> **Given material**:

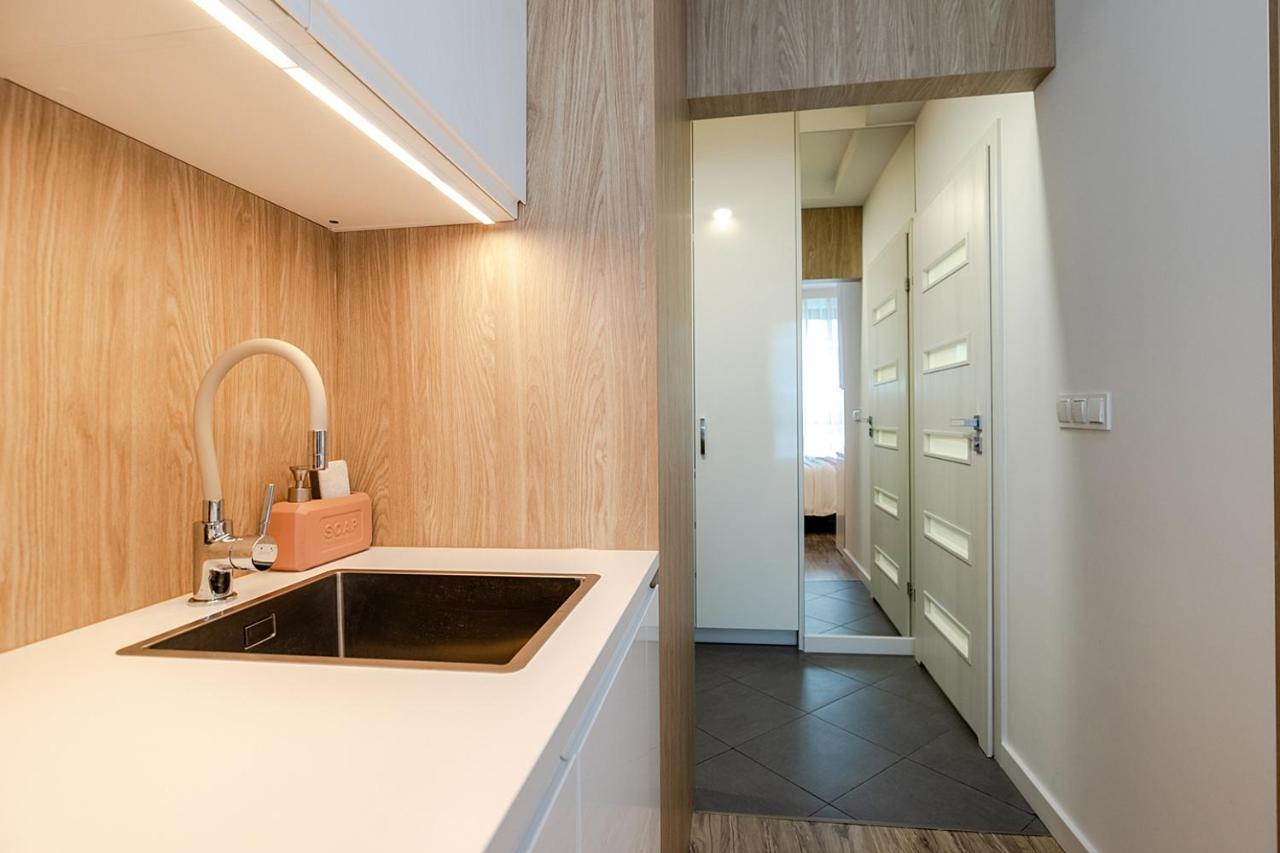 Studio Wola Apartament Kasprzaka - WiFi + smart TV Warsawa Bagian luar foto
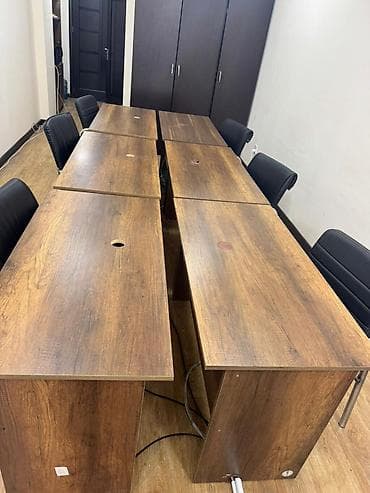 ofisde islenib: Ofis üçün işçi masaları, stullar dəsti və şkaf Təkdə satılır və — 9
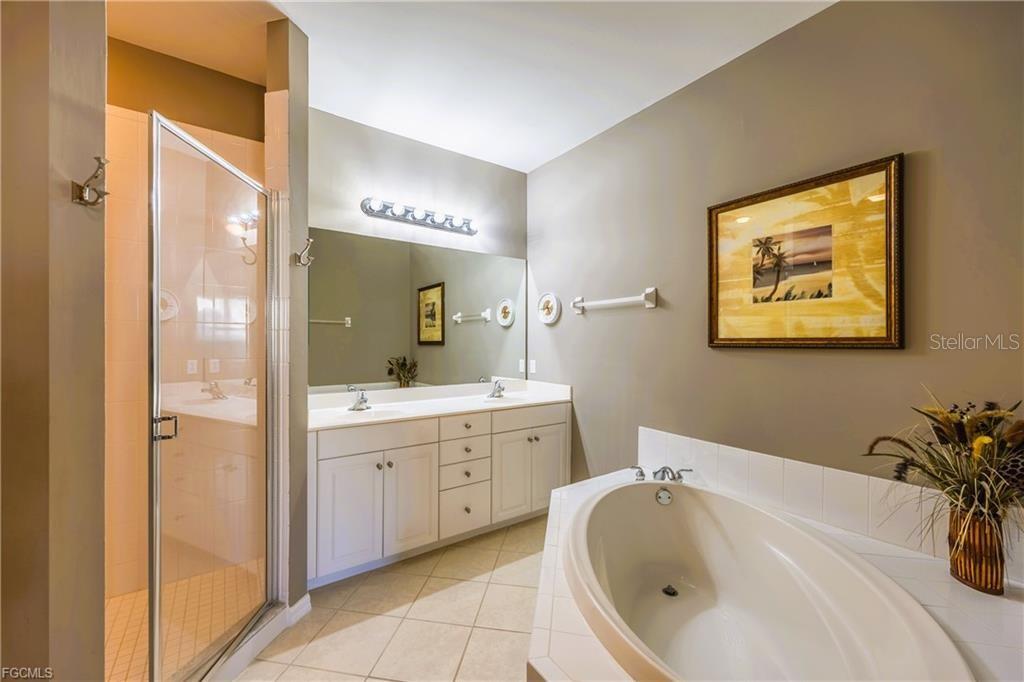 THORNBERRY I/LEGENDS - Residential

> **Task prompt**:
Nothing but the pictures should be left out when the material above is copied.

> **Task response**:
 Studio Wola Apartament Kasprzaka - WiFi + smart TV Warsawa Bagian luar foto
 ofisde islenib: Ofis üçün işçi masaları, stullar dəsti və şkaf Təkdə satılır və — 9
 THORNBERRY I/LEGENDS - Residential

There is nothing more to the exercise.